As further recognized by the inventors, a light baffle that reflects light may encounter limitations affecting the performance and functionality of the imaging system. For example, reflective surfaces of the baffle may not completely eliminate stray light, as some light may still scatter and reach the image sensor, leading to unwanted reflections and glare. This scattering may degrade image quality by reducing contrast and clarity.

As discovered by the inventors, a light baffle that combines light absorbing qualities and light reflecting qualities may have the beneficial qualities of each but may also minimize the drawbacks of each. In this way, as discovered by the inventors, a “hybrid” baffle may maintain a low amount of stray light while also reflecting and/or absorbing away a majority of the incident energy incident beyond the field of view of the image sensor.

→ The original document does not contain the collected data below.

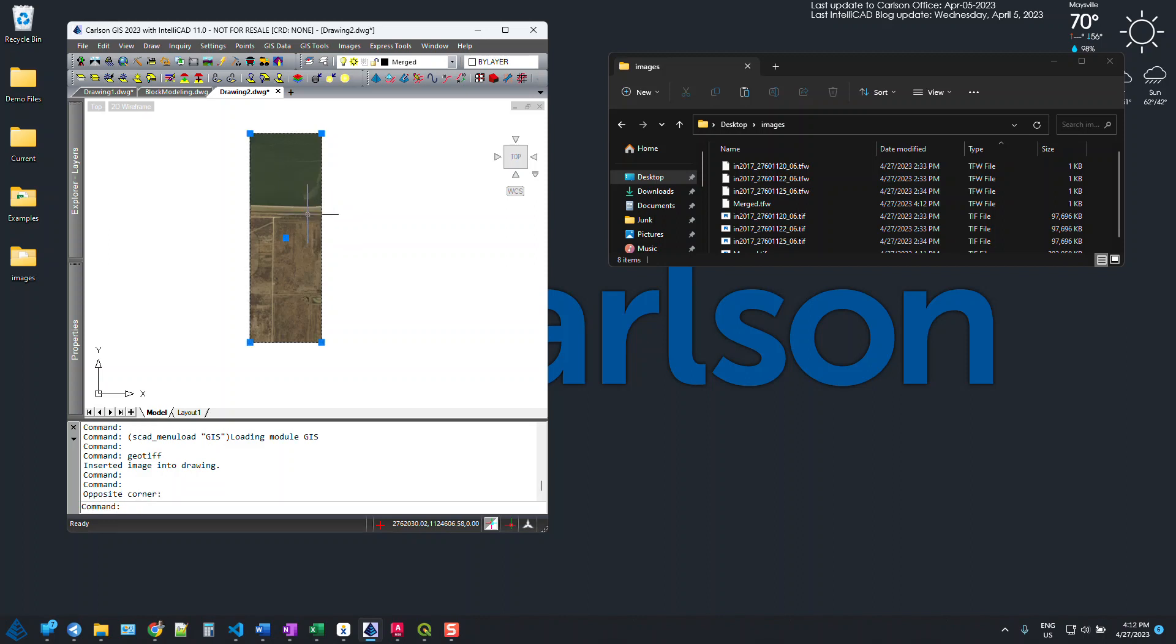Again, there's other options within QGIS if you want to manipulate the resolution of it, but it's nothing I'm going to get into right now. So hopefully this helps. Let me know if you've got any questions.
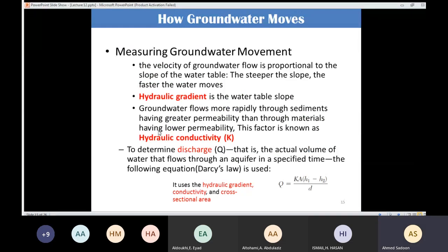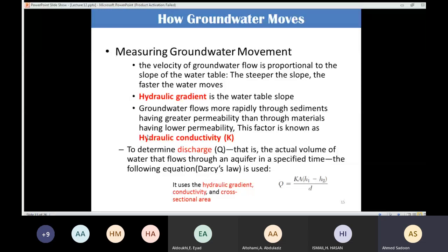Another important factor is hydraulic conductivity. Groundwater flows more rapidly through sediments with greater permeability. If I have greater permeability in the soil, the movement will be greater than in material with lower permeability. So hydraulic conductivity depends on permeability — the steeper the slope, the faster the water movement, and higher permeability also means higher velocity.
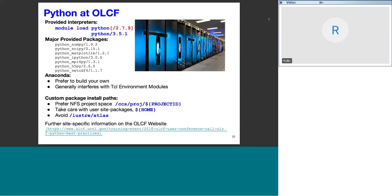At Oak Ridge, Python is available as Python 2.7 or Python 3 with separate modules providing the scientific Python stack. Users are advised to build their own Anaconda environment but should watch out for conflicts with the TICL environment module system, since Anaconda brings its own TICL. Also watch out for where you install packages — the NFS project filesystem is a better choice.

In some embodiments, a light baffle as disclosed herein may be part of an imaging system or an optical system, such as, for example: a camera; an imaging system for imaging light (or energy) of certain frequencies (e.g., visible light, infrared light, ultraviolet light, etc.); an X-ray imaging system; a thermal imaging system; a telescope (e.g., an astronomical observation telescope, or an earth observation telescope); an industrial inspection system; an optical communications system (e.g., a free-space optical link for communications); an optical power transfer system (e.g., a free-space optical link for power beaming); or other such system as will become apparent to one having ordinary skill in the art.

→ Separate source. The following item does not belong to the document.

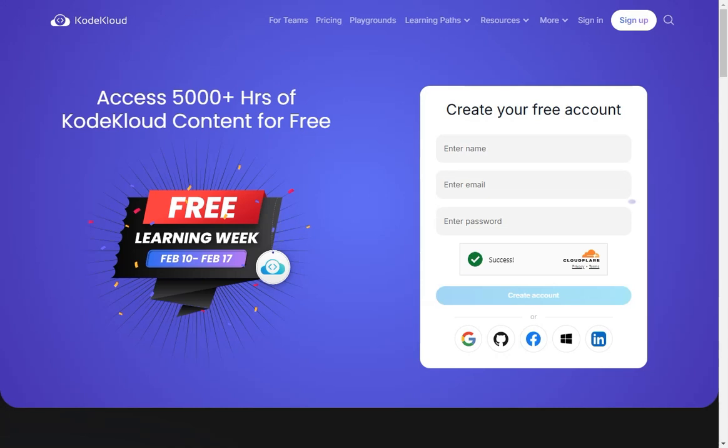Hi everyone, welcome to T3P. In this quick video I'm going to show you how you can get full access to Code Cloud content for absolutely free, and this week is starting from tomorrow.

One having ordinary skill in the art will understand that optical devices besides imaging devices—for example, optical communication devices or optical power transfer devices—may also use one or more of the embodiments disclosed herein, in the same or similar manner as disclosed herein. However, for the purposes of simplicity and clarity, reference herein is generally to imaging devices.

FIGS. 1A and 1B depict isometric section views of an exemplary baffle assembly 100 according to some embodiments. The isometric section views in FIGS. 1A and 1B depict a same half of baffle assembly 100, where the isometric section view in FIG. 1B depicts baffle assembly 100 rotated 90 degrees clockwise about a z-axis from the isometric section view in FIG. 1A. The other half of baffle assembly 100, which is not depicted in FIGS. 1A and 1B, is a mirror image of the half of baffle assembly 100 depicted in FIGS. 1A and 1B.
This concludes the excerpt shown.